L’ingordigia di un commensale è vista come una precisa manifestazione di egocentrismo e al contempo una trasgressione della condivisione e del senso della comunità, nella misura in cui il singolo (per ingordigia appunto) mangia più della propria parte, in tempi rapidi, curvo a difesa del proprio piatto, segnalando quella che viene sentita da tutti gli altri come una volontà di non condividere. Chi poi palesemente rifiuta, sistematicamente, di mangiare con colleghi o amici è inizialmente richiamato all’ordine, ma se persiste nei suoi rifiuti viene presto escluso (non solo dalla tavola comune), sospettato di rifiutare la condivisione, di voler accaparrare, di pensare per sé e di mandare al diavolo tutti gli altri.

Ancora due veloci considerazioni. Pensiamo al digiunare, allo stare a dieta o al mangiare cibi particolari in modo particolare. Una volta stabilito che vi sono certamente situazioni biologiche e fisiche particolari, va riflettuto, per completezza, che anche queste tre modalità di alimentarsi possono diventare e possono racchiudere elementi simbolici interessanti. Possono ad esempio servire per segnalare la propria diversità dagli altri (non siamo come i peccatori che mangiano sempre, siamo fedeli più convinti perché digiuniamo secondo le regole, siamo veramente animalisti o ambientalisti perché mangiamo così o cosà). Possono diventare un modo per riconoscersi e per essere riconosciuti dal resto della comunità, ma anche un modo per distinguersi e per darsi una identità e rinforzarla (rigenerarla) ad ogni pasto. Il digiuno poi ha una valenza simbolica ulteriore. Purifica, libera dal bisogno contingente della materia bruta e, di conseguenza, libera dalla condizione umana immaginata come condizione sfortunata in quanto seggetta alle limitazioni della materia.

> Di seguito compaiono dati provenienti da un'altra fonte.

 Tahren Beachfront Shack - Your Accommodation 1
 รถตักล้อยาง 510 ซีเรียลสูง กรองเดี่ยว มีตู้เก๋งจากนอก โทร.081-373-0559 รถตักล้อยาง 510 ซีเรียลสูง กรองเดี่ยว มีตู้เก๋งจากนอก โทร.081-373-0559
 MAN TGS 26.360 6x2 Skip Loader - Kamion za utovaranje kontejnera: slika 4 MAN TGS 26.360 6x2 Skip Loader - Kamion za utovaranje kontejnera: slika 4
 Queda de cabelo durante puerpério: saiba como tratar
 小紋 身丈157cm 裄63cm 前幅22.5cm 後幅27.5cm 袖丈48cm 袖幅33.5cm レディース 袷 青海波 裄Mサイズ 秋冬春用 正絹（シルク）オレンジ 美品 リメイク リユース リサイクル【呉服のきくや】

Finiamo ricordando la celebre frase: “Siamo ciò che mangiamo!” che prima di tutto dovrebbe ricordarci che alimentarsi significa introdurre alimenti, ovvero materia sotto forme diverse, per farla diventare noi stessi: un pezzo di fegato piuttosto che un grumo di sangue, una sinapsi piuttosto che un brandello di pelle nuova. Siamo ciò che mangiamo, ciò che beviamo, ciò che respiriamo, diventa anzitutto un richiamo ad una pressante verità che ricorda a tutti noi di essere un tutt’uno con l’ambiente e con la comunità che lo circondano. E’ un modo per resistere alla tentazione separatista ed egocentrica che ci ha condotto al delirante pensiero di essere separati e separabili dalla natura e dal resto della comunità umana.

Detto questo facciamo tranquillamente la nostra dieta riparatrice o tuffiamoci allegramente nel carnevale, cercando sempre di mantenere un barlume di consapevolezza su cosa significa alimentarsi.